O fenómeno não foi contido nem pela sociedade civil nem pelas entidades oficiais, impotentes, sem meios, sem saberem o que realmente fazer, até porque inicialmente menosprezaram o efeito do fenómeno, considerando na sua mania de que sabem sempre tudo, que se tratava de uma ejaculação prematura e fora-de-contexto, de um cidadão desgovernado a precisar de apoio social. A chamar a atenção a si. O Estado não pode infelizmente acudir a todos!
 Sabe-se que a melancolia acompanha o homem desde sempre, nas suas venturas e desventuras, agora, produzido daquela maneira numa quantidade imensa, é algo nunca visto. E o nunca visto, não se sabe lidar com ele.
Este fenómeno do romper das águas durou exactamente as horas que duram um dia. Nem mais, nem menos. Muitos seres afogaram-se na melancólica, muitos, apesar de sobreviverem, ficaram marcados para o resto dos seus dias. Animais houve, até árvores, a gingko por exemplo, que apesar de não terem a experiência dos estados de alma, devido às grandes quantidades ingeridas de melancolia, transtornaram a sua genética futura. Criou-se ali uma mutação genética e não será de estranhar que dentro de pouco tempo se possam ver manifestações associadas à melancolia, principalmente na árvores que vivem em ambiente urbano e nos cães e nos gatos, sendo praticamente o que lhes faltava para serem quase-humanos.
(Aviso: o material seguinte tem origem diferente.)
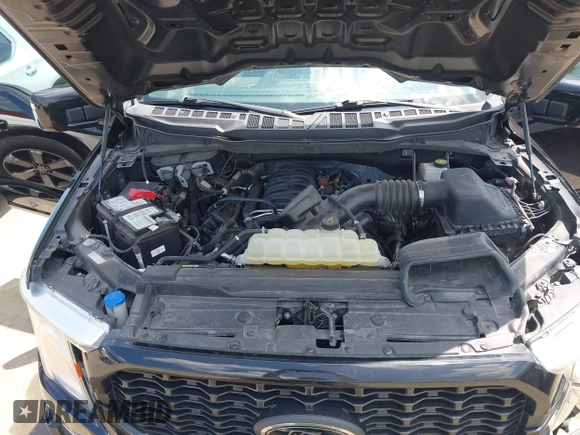 2022 Ford F-150 XL with VIN 1FTFW1E5XNFC27087, listed as a IAAI auction lot 42207284 with 37,745 mi miles and . Bid and sale history available at DreamBid. Image 10.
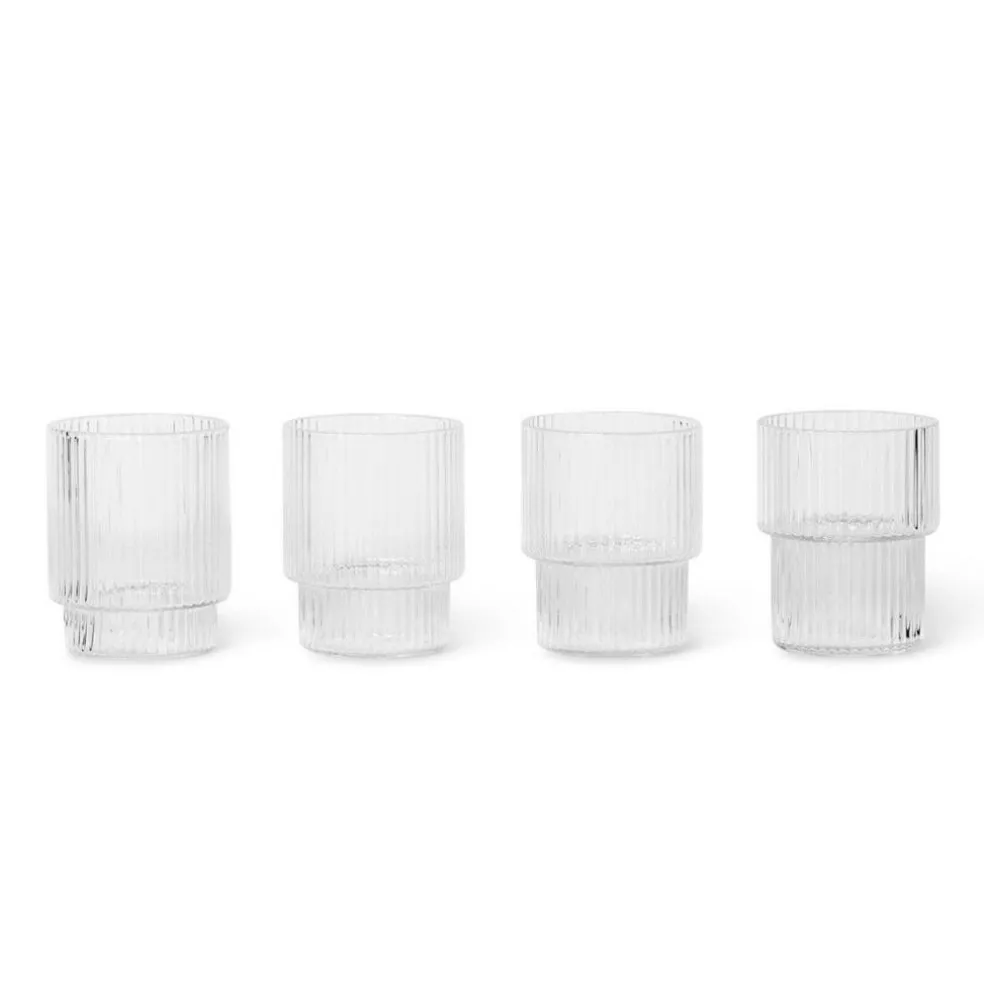 Ripple Schnapsglas 4er Set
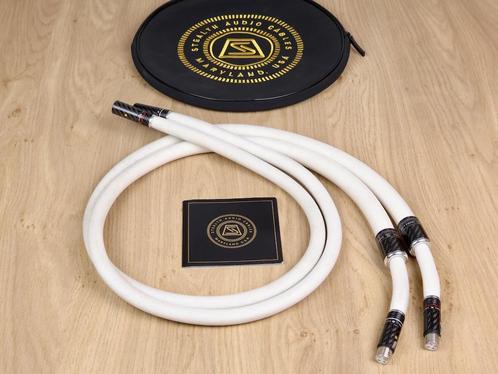 Stealth Audio Cables Sakra V12 highend audio interconnects X, Audio, Tv en Foto, Audiokabels en Televisiekabels, Overige kabels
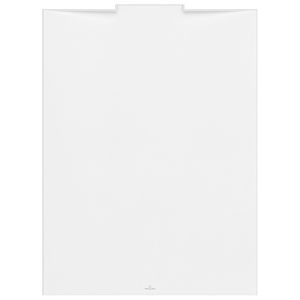 Villeroy and Boch shower tray Wallway 1200x900x30mm right-angled UDQ1290WAL2BVRW flush-mounted installation Stone White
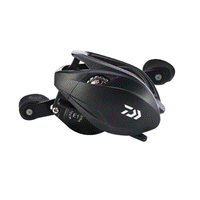 Daiwa PR100L Baitcasting Reel | Left Handle Reel - fishermanshubPR 100LLeft Hand Side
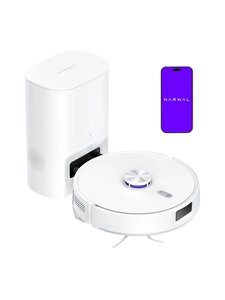 Narwal - Freo S - robotti-imuri moppaus- ja lataustelakalla - WHITE | Stockmann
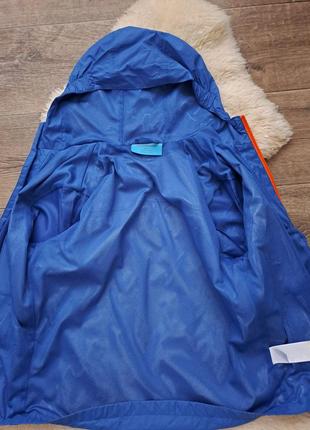 Куртка ветровка для мальчика р. 146-1527 фото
Desta vez, os macacos e símios em geral ficaram a perder. Por não habitarem núcleos urbanos não ingeriram melancolia.
José António foi um dos sobreviventes. Por receio de represálias, não voltou a casa. Procurou consolo em Deus e não o encontrou. Desanimado, sem soluções, aceitou um pacto com o Diabo. O Demo que não perde uma ocasião para filiar aderentes novos, ofereceu-lhe um carro espampanante e potente, em troca, noite caída e escura, dele andar pelas povoações e cidades a abrir o maior número de válvulas que puder, dos depósitos das emoções, nas casas das pessoas, que estando a dormir e não dando por isso, passaram a acordar todos os dias inundadas de secreções em níveis altamente tóxicosnalguns casos fatais.
É por isso que o mundo está como está e as pessoas, distraídas que são, nem se dão conta de verificarem os níveis de armazenamento e consumo. José António anda mais feliz, com uma ocupação com sentido; o Demo arregimentou mais um associado; e Deus continua em parte incerta.